Practice this: When you or your toddler feel that strong wave of emotions come crashing in, close your eyes and just pause. Feel into where your emotions are in your body and place a hand over the area. Now label that emotion and say out loud, 'This is anger' or 'I am feeling sad.' You may say to your toddler, 'It's okay to be upset because we couldn't go to Ocean Park as planned today.' Then decide what you will do to help you or your toddler feel better, perhaps say 'My heart is pounding. I will go for a walk or take a few deep breaths...' Then do exactly that or practice with your toddler and see how you feel after. When your toddler is calmer, he is more likely to be able to choose to respond in a more acceptable way to whatever he was upset about.

Photo by Marcos Paulo Prado on Unsplash
Photo by Jacky Zhao on Unsplash

3. Make Time for Outdoor Playtime

Nature is healing, and it stimulates our toddlers' 5 senses to help them stay grounded and keep their curiosity alive. Play the observer role and let them lead the exploration, appreciating things they notice and admire, whether it's a bug or flower. Here's where our toddlers can teach us a thing or two about mindfulness! Both you and your toddler can benefit from slowing down and taking a break from our fast paced world, screens, and endless activities. It is in these moments that we realise how often we rush more than we need, and perhaps reassess where we can take ourselves out of certain commitments to allow more mindful enjoyment into our lives. 


Practice this: When outdoors, use the 5 senses awareness practice to tune into your surroundings. Together, point out 5 things you can see, 4 things you can hear, 3 things you can touch, 2 things you can smell and 1 thing you can taste. Slowing down and engaging our senses helps bring us back into our present to really enjoy ourselves, not to mention quality bonding time where you are really with each other and not thinking about the dozens of tasks you have yet to finish. 

4. Acknowledge Their Efforts vs Results

Left to their own, children naturally enjoy the journey, and not driven by achieving results. Later, through interaction with others, they learn to achieve and compete. In a results and ranking obsessed world, we want to help them understand that while being best or winning feels good, it's just as important to experience and learn. We grow by discovering our strengths are and learn to do better when we make mistakes. We can encourage a growth mindset by making a point to praise effort rather than just the results. This shows them that they are lovable no matter the results, and what matters is they have given their best. This will encourage them to keep practicing and get better at what they do instead of giving up because they are not 'good enough'. 

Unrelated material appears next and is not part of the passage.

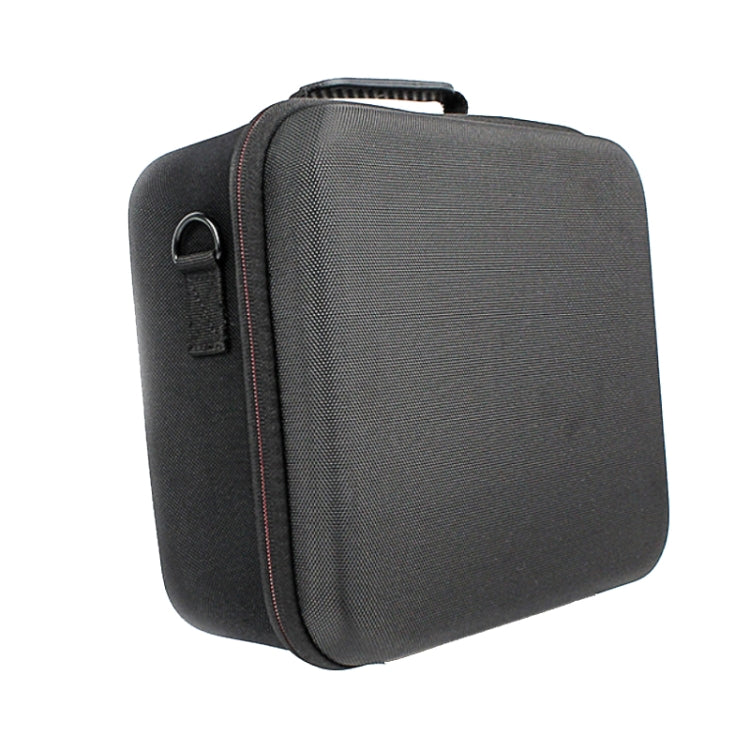 Gray hard shell storage bag with top handle and zipper closure, compact cube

Practice this: When observing your toddler play or interact, acknowledge their efforts and say, 'Wow, I can see you put lots of thought into building this lego house.' Rather than 'Good girl! You drew such a beautiful picture!', you can say 'I love the colours you used in your drawing.' When playing together with other kids, you can say, 'It's generous of you to share your cookie!'


Photo by Ryan Fields on Unsplash

Hope this is hopeful in helping understand what mindfulness in action might look like for you and your little one. Enjoy!